4) The Original Star Wars Trilogy – WITHOUT ANY ADDED CRAP
We didn’t need Boba Fett and Jabba to show up in the a New Hope. We didn’t need anymore crappy creatures that added no value and we all certainly know: HAN SHOT FIRST.
5) A Profound Hatred for Star Trek Enterprise:
Need I say more? Okay, I will. Brannon Braga’s take on the Star Trek universe was crap.
6) The Lord of The Rings Extended Edition, The Soundtracks and all of the books;
You’ve gotta own it all. Own it. Live it. Love it.
7) A Profound Sadness for the Way Battlestar Galactica Ended:
There’s a lot of us that feel we got hosed with that ending. I can still hear Jim Hendrix’s, All Along the Watchtower playing in my head and I’m thinking WTF is this?
8 ) A Passionately Favorite Version of the REAL Doctor Who:
Tom Baker. Period. And I will gladly meet you in an alley to fight about it.
9) A Fear That Will Smith Will Someday Star in The Movie Adaptation of Your Favorite Book:
Every character is the same, that wise cracking boy from Philadelphia living with his cousin Carlton and Uncle Phil.
10) Toys from Your Childhood That You Refuse To Part With:
I still have my original Kermit the Frog from when I was three and my first Boba Fett. Trump that.
11) The Belief that the Word Midichlorian Was Just from a Nightmare and NOT a real Star Wars Movie:
This is just a dream.

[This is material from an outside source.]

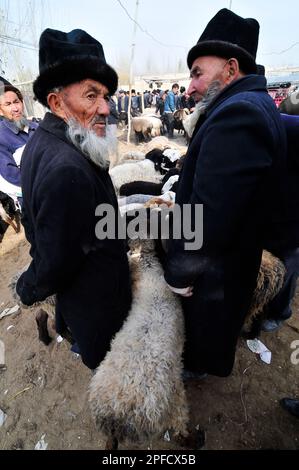 Uyghur avec leurs moutons et leurs bovins sur un grand marché hebdomadaire local de bétail dans la banlieue de Kashgar, Xinjiang, Chine. Banque D'Images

Metachlorians are not real. Seriously. It’s just a bad joke and it will be over when I wake up. AHHHHHHHH!!!!!
12) The Original Tron Movie:
You own it. You love it. It loves you.
13) An affection for the TV show Firefly:
Every Sci-Fi nerd loves this show. If you don’t you are a loser.
14) A Hatred for Chris O’Donnell:
As Robin, he was the harbinger of death for the original Batman movie franchise.

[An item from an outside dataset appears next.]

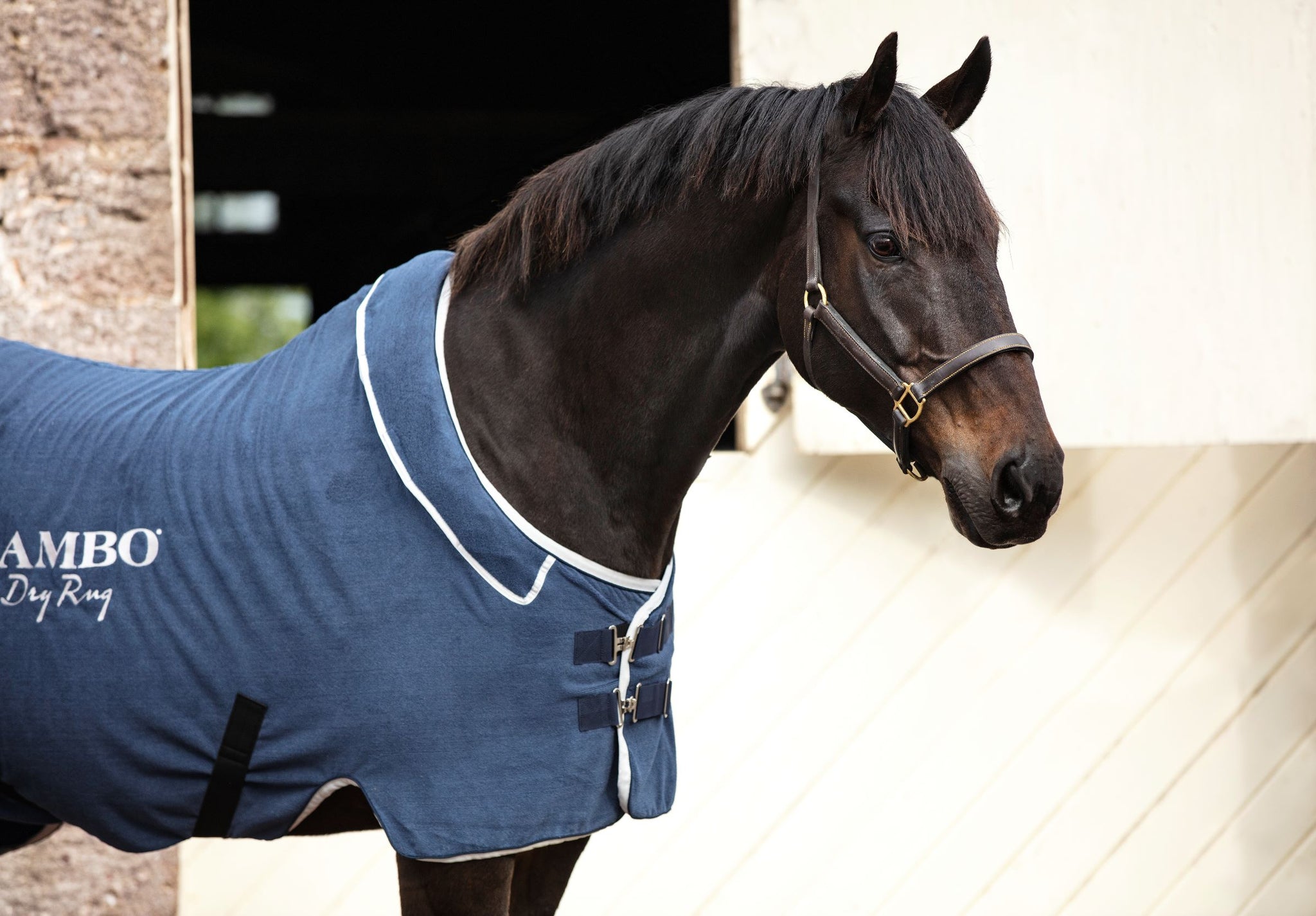 Horseware Rambo Dry Rug - Summerside Tack and Equestrian Wear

15) You Know Asimov’s Three Laws of Robotics:
Learn it now if you don’t know it.
16) You think Cheetara is HOT!
The star of two version of Thundercats cartoons was also the star of your wet dream. Admit it, you’d love to let her claw your back and bite your neck. GRRRRRRRRRRRRRRRRRRRRR
17) You Believe Aliens are our REAL Gods:
If you read enough science fiction, and of the right kind, all of those books questioning are existence in the universe, finally open up some possibilities for you. BUT depending on where you live, who your parents are and who you are sleeping with, you may not admit this in public.

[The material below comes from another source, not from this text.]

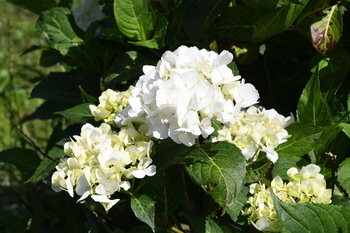 写真：芹沢公園のアジサイ2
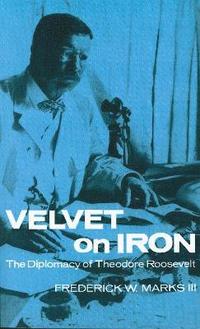 bokomslag Velvet on Iron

18) You Have a Favorite Animated Cult Sci-Fi Movie:
There are so many to pick from. Many will choose Heavy Metal.
19) You Blame Hot Rod for Optimus Prime’s Death:
Well, it was his fault. And after Optimus rose form the grave Rodimus got hosed. AND DESERVEDLY SO!
20) You DESPISE Michael Bay for Masturbating on your Childhood.
The king of explosions, inexplicably keeps making million dollar movies and in the process he has destroyed the Transformers and has now decided to shit on the Teenage Mutant Ninja Turtles by making the aliens in his new adaptation. Someone needs to destroy the people at Paramount for allowing him to live. Michael Bay is the fucking anti-Christ.